Northport freshman Aiden Greenfield, won the 200-meter and 500 freestyle events, and was a member of the first-place 200 freestyle relay quartet. Photo by Bill Landon

By Bill Landon

Not fielding a single diver doesn’t faze the Northport boys swim team.

It hasn’t effected a single meet’s outcome yet either, as the Tigers edged previously undefeated Connetquot on the road Dec. 18, 93-90, for their fourth win of the season.

Being down 13 points before the first gun ever sounds has its challenges though, according Northport head coach Drew Modrov’s athletes though, especially when up against a strong swim team like the Thunderbirds have.

“Connetquot’s always a fierce team — we have kind of a rivalry with them — so we always know that when we come here it’s going to be a close meet,” the coach said. “It’s intense, and every point is going to matter. I’m just happy we came away with the win.”

The Greenfield brothers boasted big point totals for the Tigers.

Northport senior Zach Papsco clocked in with a state-qualifying time in the 100-meter butterfly, and was first to the block in the 100 breaststroke. Photo by Bill Landon

Senior Ethan Greenfield, along with 200-meter medley relay teammates Nick Millkey and Zach Papsco and Dylan Karpf, came in first with a state-qualifying time of 1 minute, 40.25 seconds. He added to Northport’s point total with a state-qualifying times of 22.05 in the 50 freestyle and 48.73 in the 100 freestyle.
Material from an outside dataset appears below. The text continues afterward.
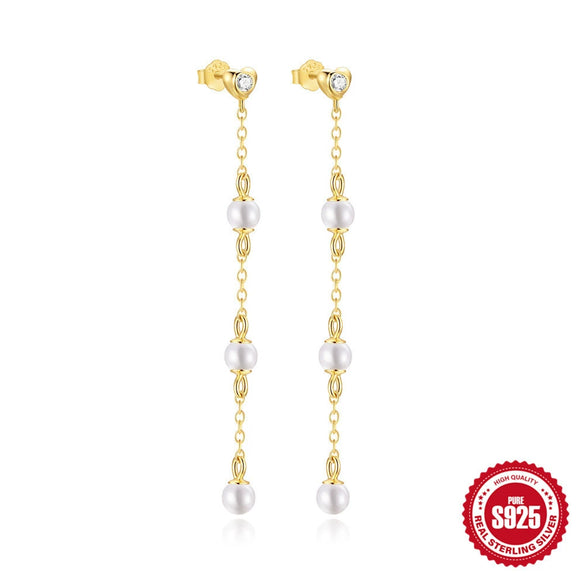 Wholesale Unisex Love Y Shaped Pearl Diamond Tassel Necklace And Earrings Set In 925 Sterling Silver With Electroplating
“A lot of our guys came up big — Ethan Greenfield had a couple of best times in crucial wins,” Modrov said. “It was Ethan’s personal best in the 50 free.”

Freshman Aidan Greenfield, Ethan’s younger brother, won both the 200 and 500 freestyle events, and was a member of the first-place 200 freestyle relay quartet.

“I thought that the turning point was the 500 free — we went out and finished first and third, which dropped us even,” said Karpf, the only sophomore on the 200 medley relay. “And the last relay is what I thought really cemented it for us.”

Each member of the 200 medley also shined individually.

Papsco clocked in with a state-qualifying time of 53.57 in the 100 butterfly, and was first to hit the pad in the 100 breaststroke. Millkey won the 200 individual medley, and followed it up with a victory in the 100 backstroke, also stopping the clock with his own state championship time: 54.43.

Modrov said he was particularly impressed by the performances of his underclassmen, noting Aidan Greenfield and freshman Austin Neuf’s high placements.

“At the end we had a great swim from Austin Neuf, a freshman who took second place in the 100 breaststroke, and that put us over the edge and helped us win the meet,” the coach said.

After the holiday break Northport is back in action at Ward Melville Jan. 5. The meet is currently slated to begin at 4:30 p.m.